Stored items from a collection:
◆ ◆ ◆ ◆ ◆ ◆ ◆

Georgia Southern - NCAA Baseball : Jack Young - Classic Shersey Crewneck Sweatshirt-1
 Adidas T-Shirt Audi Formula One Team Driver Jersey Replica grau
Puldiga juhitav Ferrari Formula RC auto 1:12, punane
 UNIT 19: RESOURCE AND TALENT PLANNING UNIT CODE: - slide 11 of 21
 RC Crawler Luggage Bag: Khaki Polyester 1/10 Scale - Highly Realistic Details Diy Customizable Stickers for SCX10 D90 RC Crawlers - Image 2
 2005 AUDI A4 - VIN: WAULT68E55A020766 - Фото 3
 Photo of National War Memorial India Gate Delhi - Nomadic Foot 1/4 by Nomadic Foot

◆ ◆ ◆ ◆ ◆ ◆ ◆

What is needed:
Starting with the line that contains "Adidas T-Shirt Audi", restate every line through the end of the records above, exactly and with no other lines.

Problem solution:
 Adidas T-Shirt Audi Formula One Team Driver Jersey Replica grau
Puldiga juhitav Ferrari Formula RC auto 1:12, punane
 UNIT 19: RESOURCE AND TALENT PLANNING UNIT CODE: - slide 11 of 21
 RC Crawler Luggage Bag: Khaki Polyester 1/10 Scale - Highly Realistic Details Diy Customizable Stickers for SCX10 D90 RC Crawlers - Image 2
 2005 AUDI A4 - VIN: WAULT68E55A020766 - Фото 3
 Photo of National War Memorial India Gate Delhi - Nomadic Foot 1/4 by Nomadic Foot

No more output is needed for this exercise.